▸ Dataset
--------------------
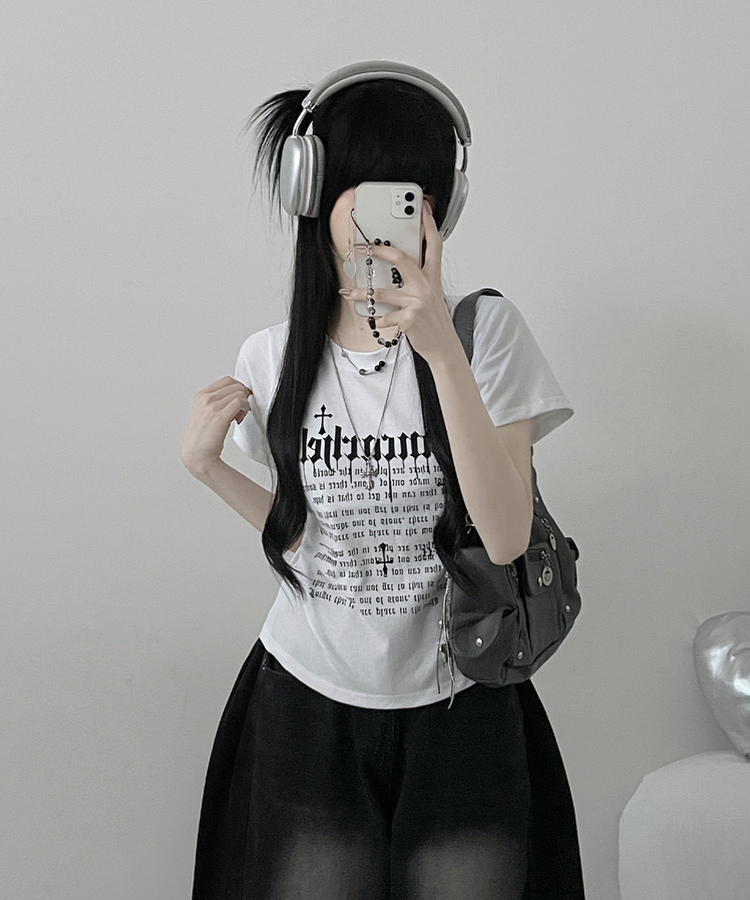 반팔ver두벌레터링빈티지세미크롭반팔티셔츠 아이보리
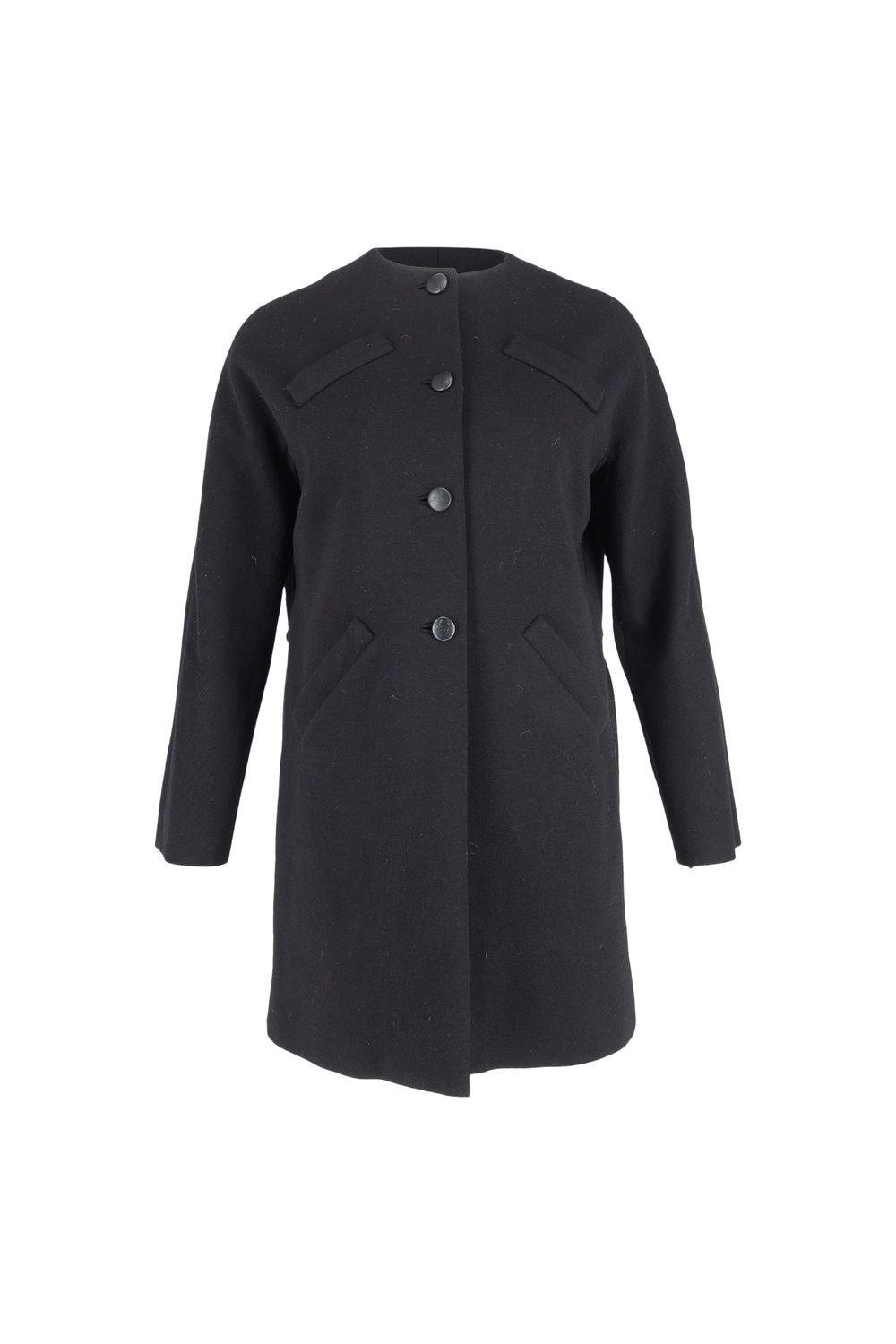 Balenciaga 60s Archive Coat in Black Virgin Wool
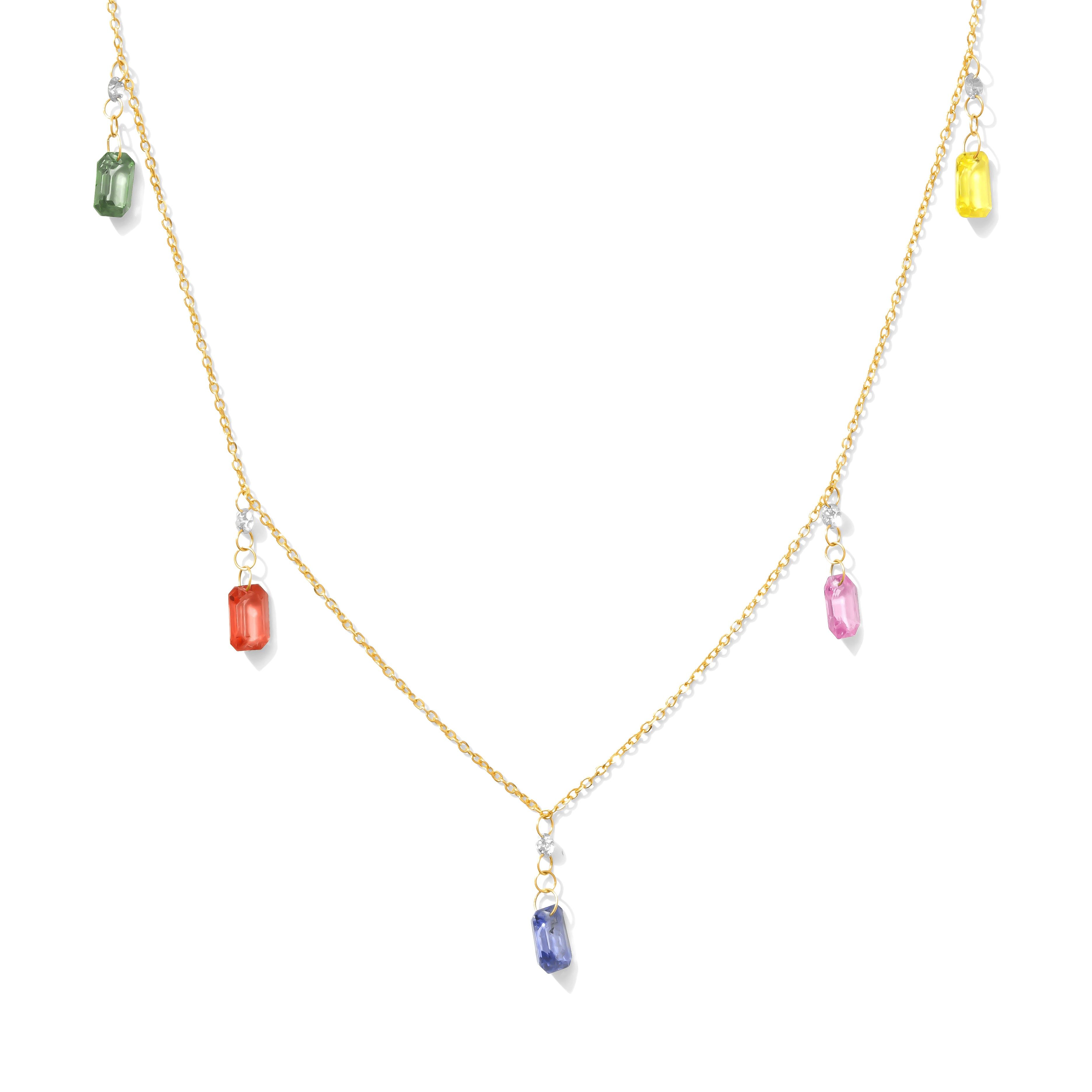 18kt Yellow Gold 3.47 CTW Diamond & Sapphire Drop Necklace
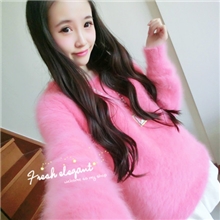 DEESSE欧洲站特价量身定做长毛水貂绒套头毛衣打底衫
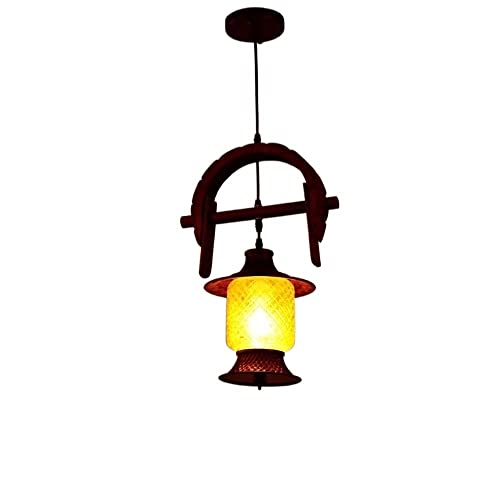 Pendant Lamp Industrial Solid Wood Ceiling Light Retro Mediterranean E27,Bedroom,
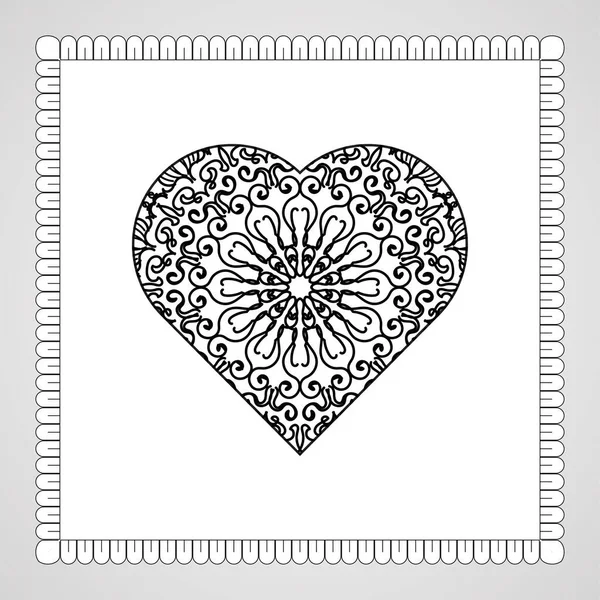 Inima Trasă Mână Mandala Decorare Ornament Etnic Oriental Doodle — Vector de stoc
--------------------
▸ Prompt
Each line from the line containing "DEESSE欧洲站特价量身定做长毛水貂绒套头毛衣打底衫" through the last line above must be written out exactly, and every picture must be omitted.

▸ Exercise output
 DEESSE欧洲站特价量身定做长毛水貂绒套头毛衣打底衫
 Pendant Lamp Industrial Solid Wood Ceiling Light Retro Mediterranean E27,Bedroom,
 Inima Trasă Mână Mandala Decorare Ornament Etnic Oriental Doodle — Vector de stoc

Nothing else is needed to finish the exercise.